Service Management¶
Assure1 Service Management provides a top down view into service performance via dynamic, real-time and multi-tenant dashboards. Supporting an infinitely tiered service hierarchy, event-based filters and metrics-based values can be configured for monitoring and reporting of compliance and performance.
If a breach has been detected and the Assure1 Fault Management module is installed, service impacting meta-events can be generated. This, when paired with the highly capable reporting engine, enables real-time service management as well as historical trend reporting. With applications that automate service discovery with integrations to third-party CRM, CMDB and provisioning systems, services can be automatically configured in Assure1 to allow constant monitoring.
What is a Service?¶
A SLM service is a collection of event filters and/or metrics with custom thresholds to monitor an environment and alert when an issue is detected. Calculations for service level objective/agreement compliance and reporting this statistic over time is done by the Metric SLM Collector. The real-time service status is done via the Event SLM Connector. These two applications are typically used in concert.
The Event SLM Connector leverages service hierarchies to determine real-time service impact, so that operators know when a service is currently down and what events are causing the service to be considered as "down". This component works in concert with the Orient Database and Topology engine so that service hierarchies can be created in an automated fashion.

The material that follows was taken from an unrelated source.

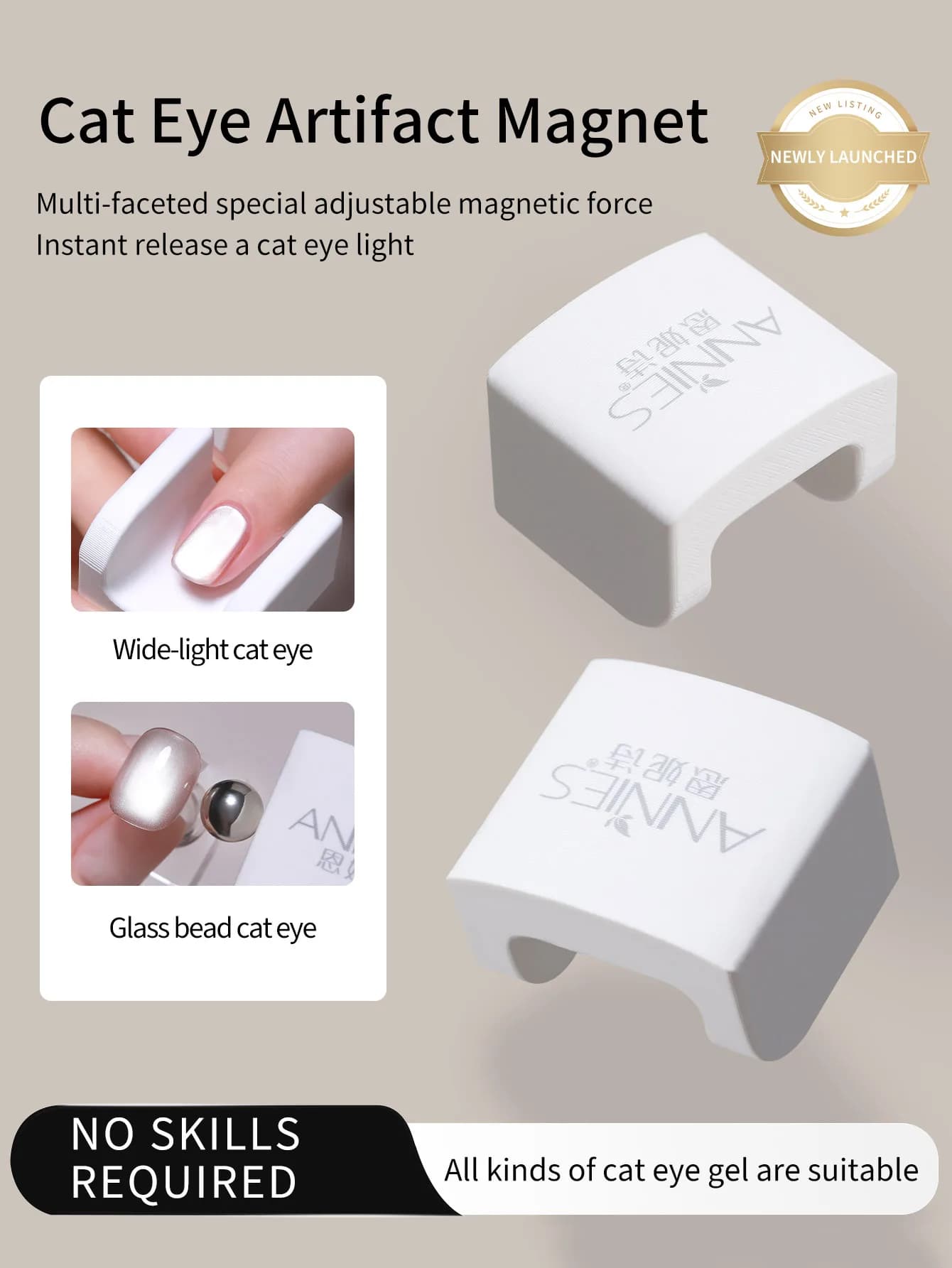 Eyeliner automatico per occhi di gatto per nail art da 1 pezzo - Magnete francese multifunzionale, super potente e largo per occhi di gatto per principianti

The Metric SLM Collector leverages the Orient Database and looks at service level criteria and, through a weighting system, generates an overall service availability as a new calculated metric. This information can be displayed on a dashboard, SLM portlets, used by a thresholding engine, or displayed on a graph.

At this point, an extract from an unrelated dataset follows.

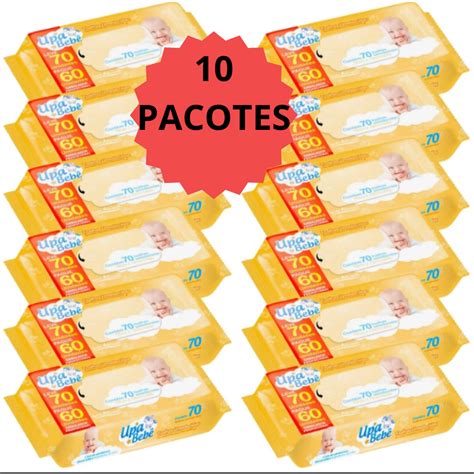 kit 10 Pacotes De lenco Toalhas umedecido Upa Bebê 10 Pacote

SLM Service Management UI¶
The Service Management UI (Configuration -> Service Management) is used for adding, editing and removing the Service Level Monitoring (SLM) Services and the Event Filters and/or Metric Thresholds that are part of the service. Services can be nested under one another to create a hierarchy of services and their respective filters/metrics.

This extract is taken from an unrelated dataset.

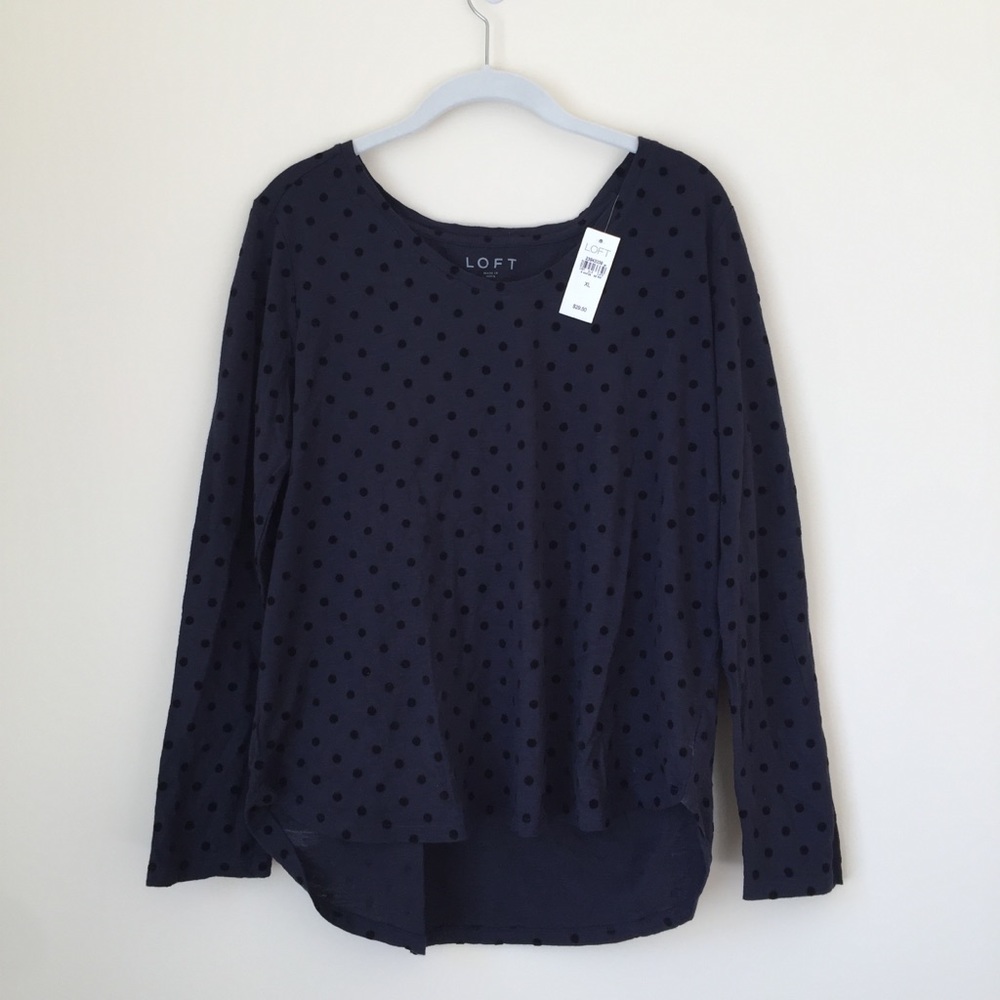 LOFT navy polka dot L/S tee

Event-based Services and Filters are used to monitor for certain types of Events and send a custom Meta Event if a threshold is breached. These Services and Filters are also viewable from a hierarchical standpoint and the SLM Engine uses the Orient Database to create representative vertices and the visual links between them. The services defined are used by the Event SLM Engine to determine compliance.
Metric-based Services and Metrics can be composed of multiple different metrics. Each Service and Metric allows a customizable threshold and weight, and the custom Service Level Actions (SLAs) that occur when it passes that threshold. The services defined are used by the Metric SLM Collector to determine compliance.
Creating and Viewing a Service¶
Objectives¶
-
Create a new Self Monitoring Service.
-
Create several SLM Event Filters for the Service.
-
Create several SLM Metrics for the Service.
-
Enable and start the Metric SLM Collector and Event SLM Connector services.
-
View the newly created Service.
Example¶
In this example, a Self Monitoring service is created to monitor the Assure1 server for service compliance and to ensure the server is performing adequately.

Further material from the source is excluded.